Section: New Results

Distributed data management

Participants : Serge Abiteboul, Emilien Antoine, Daniel Deutch, Alban Galland, Wojciech Kazana, Yannis Katsis, Luc Segoufin, Cristina Sirangelo.

Distributed knowledge base.

As a foundation for managing distribution, we have proposed a model of a distributed knowledge base, that handles data and meta-data, as well as access control and localization, in a unique integrated setting. To support automatic reasoning on this knowledge base, we also introduced a novel rule-based language supporting the exchange of rules, namely Webdamlog. This work has been presented [21] and demonstrated [26] at major database conferences.

Probabilistic XML.

Data from the Web are imprecise and uncertain. To manage this imprecision in a well-principled way, we have made significant advances in the field of probabilistic databases, and specifically, probabilistic XML. We have introduced new tractable probabilistic models for representing uncertain hierarchical information, and carried out in-depth studies of query evaluation, aggregation, and updates in various probabilistic XML models. These results have matured and some of the results are available in journal articles, e.g., [14] .
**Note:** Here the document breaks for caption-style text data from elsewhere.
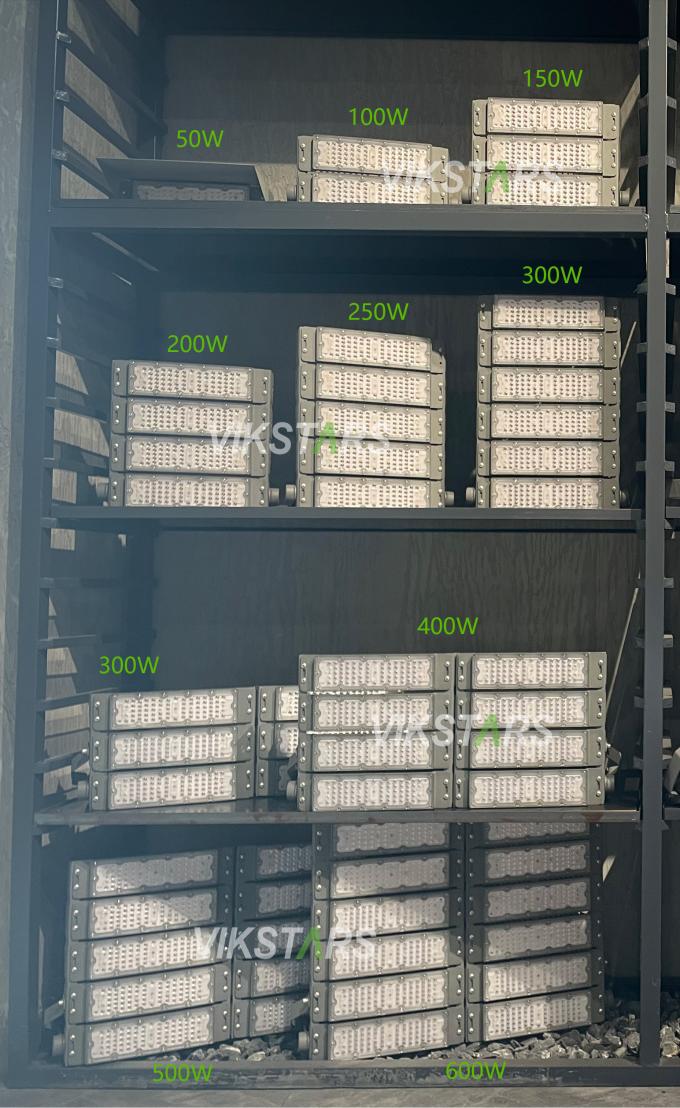 50W 100W 150W 200W 250W 300W Modül Yüksek Mast Sel Fenerleri Dışarıdaki Futbol Alanı Işıklandırması 6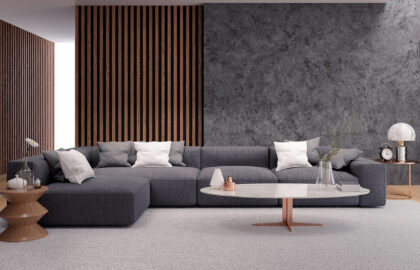 Enduit décoratif mural réalisé par un peintre professionnel à Aix-en-Provence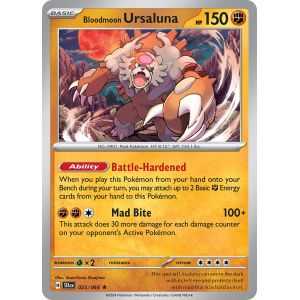 Bloodmoon Ursaluna (Rare Holofoil) – SV6.5 Shrouded Fable | Carta POKEMON en México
Enumeration of query answers.

In many applications the output of a query may have a huge size and enumerating all the answers may already consume too many of the allowed resources. In this case it may be appropriate to first output a small subset of the answers and then, on demand, output a subsequent small numbers of answers and so on until all possible answers have been exhausted. To make this even more attractive it is preferable to be able to minimize the time necessary to output the first answers and, from a given set of answers, also minimize the time necessary to output the next set of answers - this second time interval is known as the delay. We have shown that this was doable with a linear preprocessing time and constant enumeration delay for first-order queries over structures of bounded degree [19] .

Data exchange and Web incomplete information.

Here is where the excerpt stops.